Pour le sénateur LR Alain Schmitz, rapporteur d’une mission d’information sur le mécénat culturel, cette mesure ne devrait pas s’appliquer à un projet de restauration de monument national. « Ou allez-vous mettre la limite entre ce qui est un trésor national et ce qui ne l’est pas. Je pense qu’il faudrait déjà appliquer la loi et donc la réduction fiscale de 60% et surtout, et surtout la conserver. Car c’est quand même une niche fiscale qui était dans le collimateur de Bercy qui cherchait à la plafonner. Appliquer une réduction fiscale de 90% pour le montant du don fait à la restauration de Notre-Dame, c’est reporter la participation sur l’État. Le groupe privé, auteur du don, ne participerait alors qu’à 10% de son geste ». Interrogé sur cette question, ce matin sur France Inter, le ministre de la Culture, Franck Riester est resté évasif. « Nous allons voir avec le gouvernement quel dispositif spécifique nous mettrons en œuvre, mais bien évidemment l'État sera là auprès de tous nos compatriotes pour reconstruire et il assumera ses responsabilités ».

« Si Notre-Dame ne fait pas partie du Trésor national, qu’est-ce qui en fait partie ? »

Rapporteur de la mission « culture » du projet de loi de finances pour 2017, le sénateur LREM, André Gattolin verrait quant à lui d’un bon œil, « de placer Notre-Dame au rang de Trésor national ». « Si Notre-Dame ne fait pas partie du Trésor national, qu’est-ce qui en fait partie ? On peut considérer que LVMH pratique une forme d’optimisation fiscale quand il construit la Fondation d'entreprise Louis Vuitton au bois de Boulogne. Mais là, il s’agit de la restauration d’un bâtiment avec telle valeur symbolique, que je ne considère pas la réduction d’impôt comme excessive ».

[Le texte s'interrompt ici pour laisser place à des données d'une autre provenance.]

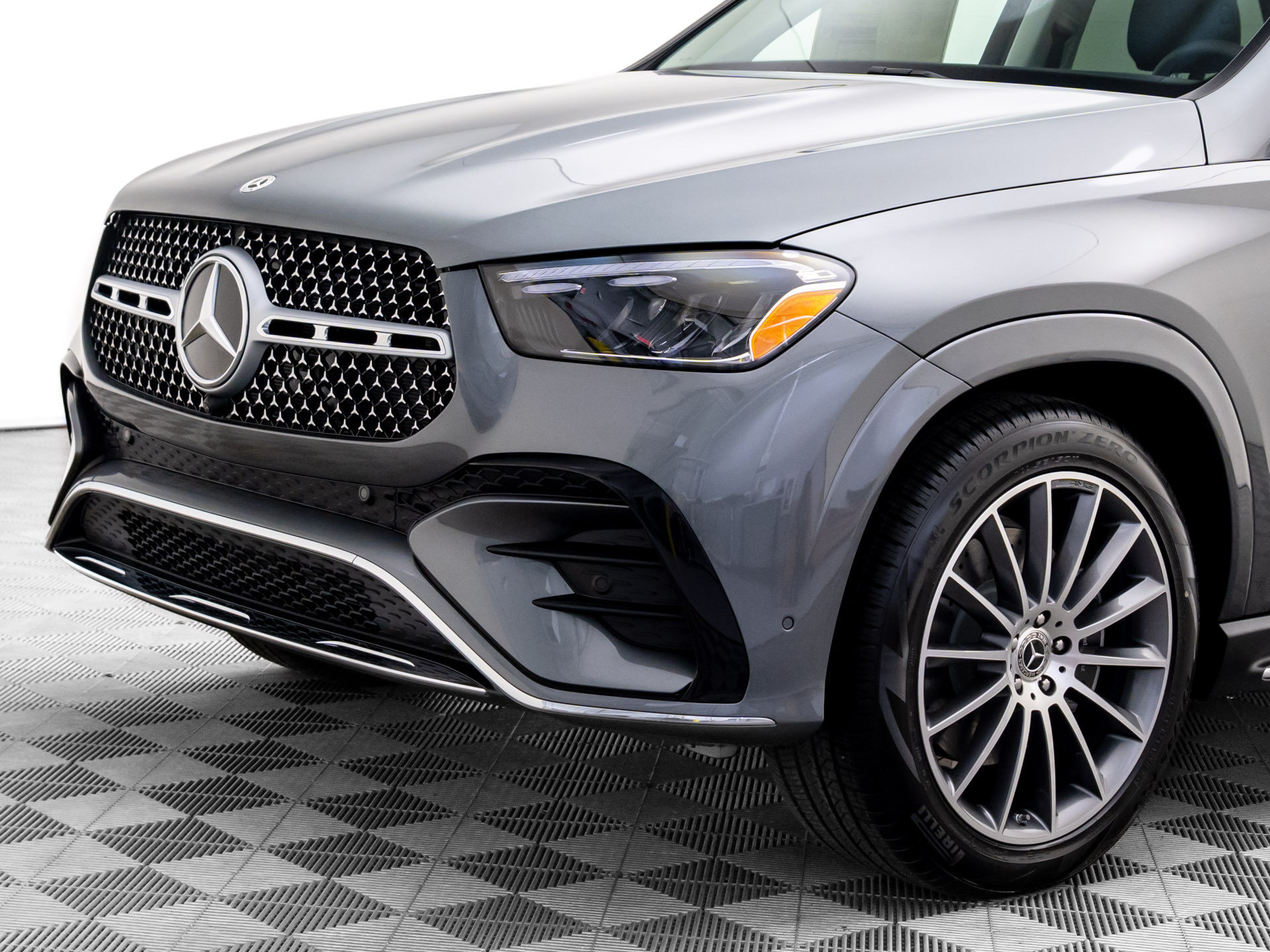 New 2026 Mercedes-Benz GLE 450 4MATIC image 39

L’AFP rapporte que l’entourage du chef de l’État n’est pas favorable à un changement de législation qui « reviendrait à favoriser les entreprises au détriment des finances publiques ». D’autant qu’il est impossible à l’heure actuelle d’estimer le montant des travaux qui se dérouleront sur plusieurs années.

Une baisse du mécénat culturelle au profit des actions sociales ces dernières années

Les dons annoncés par les grands groupes Français ont été parfois critiqués sur les réseaux sociaux. À l’image du porte-parole du NPA, Philippe Poutou, qui lance sur Twitter : « S’ils ont trop d’argent, qu’ils le mettent à disposition de la collectivité, il y a bien des urgences sociales ».

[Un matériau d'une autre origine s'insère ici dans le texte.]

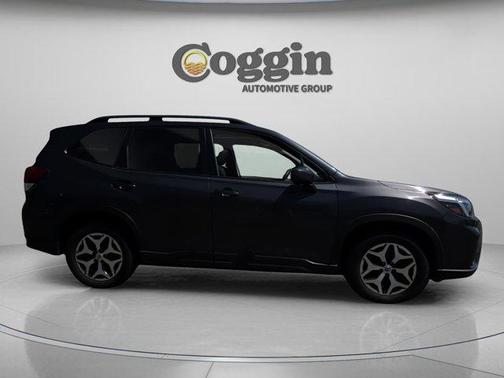 Magnetite Gray Metallic 2021 Subaru Forester Premium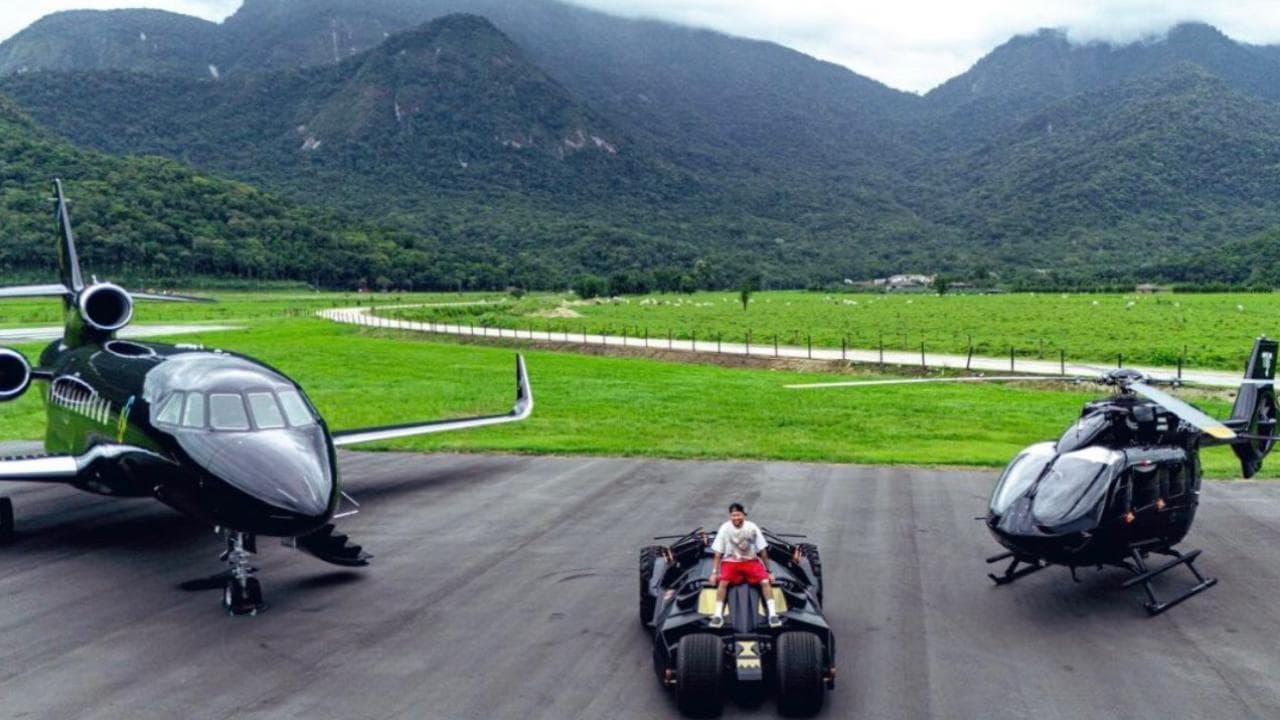 Brasile, Neymar non si accontenta di elicottero e "Batmobile": si regala un jet da 215 milioni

À noter, enfin, que la mission d’information sénatoriale sur le mécénat culturel avait relevé une baisse des « actions culturelles » au profit « des actions du champ social » sur les quinze dernières années. « Par le passé, la culture, c’était un peu la danseuse du chef d’entreprise. Maintenant, les chefs d’entreprise en débattent avec leurs salariés et ils considèrent que la notion de solidarité doit prévaloir » précise Alain Schmitz.